DINSMORE: I find that if I write out a script, I sound scripted. So, I have bullet points and I know when I’m going to talk about. And then kind of ad lib from there. I probably will do 10-12 takes, cause I’ll say something that’ll sound stupid or the automatic lights will turn off in the background or somebody will walk in the door, something like that. I do a ton of takes till it feels like I’m meeting all that quality. Because it is representative of our business, our clinic. So, you want it to represent well in that way. For our content nothing official because I want it to be like a conversation.
KOWLGI: Just to rephrase, these videos you’re making are primarily in a pre-sales context, right? You’re making these videos to get people interested in your company and build awareness about your company? Is that primarily the way it’s used?
DINSMORE: Yeah, 90-95% of the videos we use are that way. Another 5% makes up educational for other employees or educational for potential clients too.
KOWLGI: Today you record yourself while giving a presentation. Are you thinking about other kinds of video content, apart from just youself or the Google Slides one?
DINSMORE: I’ve thought about doing interviewing, where you bring in a professional.
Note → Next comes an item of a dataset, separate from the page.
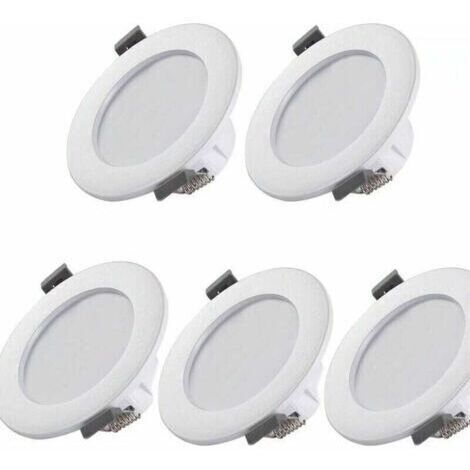 SABIR Pack de 5 spots LED encastrables salle de bain IP44 ultra-plat 35mm Blanc neutre 4000K 460Lm Installation facile sur 230V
We’ve thought about bringing in a GI specialist, he talks about colon cancer screening and the difference between cologuard and fecal colo blood tests and colonoscopies and things like that. It’s a little bit hard to do an interview like that, like I’m Johnny so and so, literally our knees would be touching if we were doing that. So, I think about what if I step out of the way or there’s some limitations with that. That’s the way I continue to expand the idea of how do I use video to communicate messages and add value, is one way I’ve considered it.
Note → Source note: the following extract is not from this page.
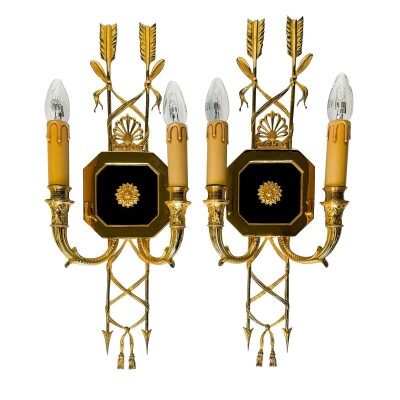Set of 4 21st Century Gilded Brass Gilt Wall Lights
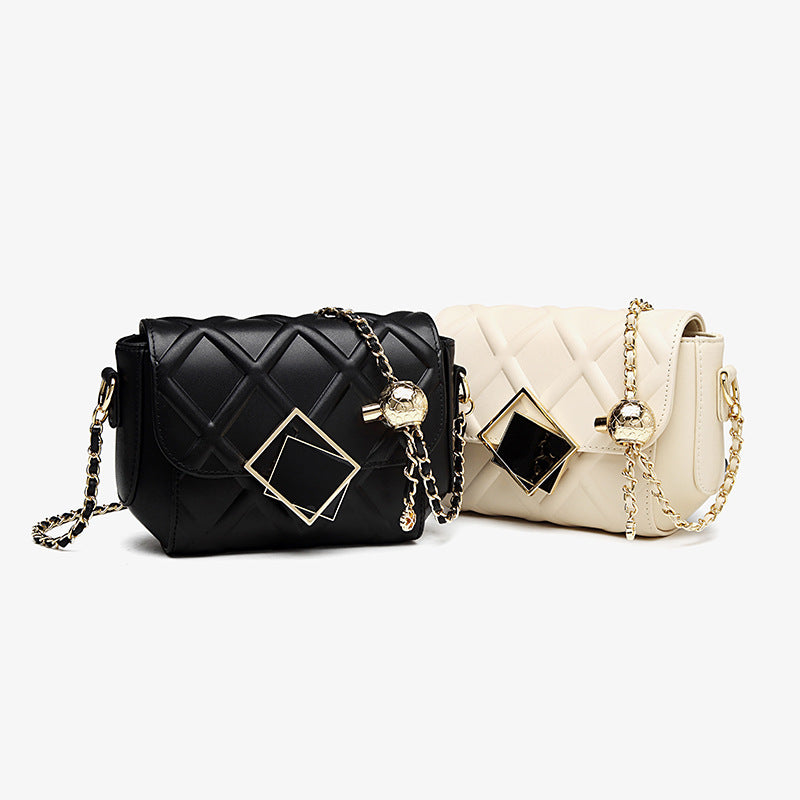 Women's Versatile Cowhide Fashionable Elegant Rhombus Golden Balls Crossbody Bags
KOWLGI: Can you think of any features you’ll need in Outklip to make your life easier and add value that you can translate to interesting content for your clients?
DINSMORE: I’m glad you asked. A very simple post-editing possibilities. When I hit record and I’m looking up, I can just snip that off or snip off the end, maybe add text or something like that. I don’t know the details on what that takes to do, but that would be awesome. Just clean up some of the files a little bit. I think it’s unreasonable to ask for a ton of work, like a picture in a picture, in a picture, to add text and all these type of things. Snip off the ends, maybe levelize the audio, that would be awesome.
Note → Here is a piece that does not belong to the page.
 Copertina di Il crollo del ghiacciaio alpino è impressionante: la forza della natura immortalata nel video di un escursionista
KOWLGI: So, Matt, we in fact have that feature in our Pro tier. Soon after the interview I’m going to enable it for you.
DINSMORE: Oh man, that’s awesome.
KOWLGI: That wraps up everything I had. Do you want to tell our audience anything about creating interesting informational content for their clients?
DINSMORE: I just want to say that I really appreciate your feedback and if anybody is looking for software, and you in particular, you were the one who responded to me, within 48 hours. I was shocked that you had my problem fixed. I had another problem a month later and you fixed it within 48 hours. To me, what that emphasizes is that you are listening to your users and I mean actively solve it, and looking to continually improve your product. It’s not like here’s a product, let it go. You’re listening to a small guy like me. I’m just a user and you are willing to create a solution for it. That’s the last thing I would say. I think the potential is right now, it’s a high quality product and I’m excited for what you think of and what this continues to develop in the future.
KOWLGI: Thank you so much, Matt. Thanks for sharing, giving an overview of your business and talking about how you make videos for your clients.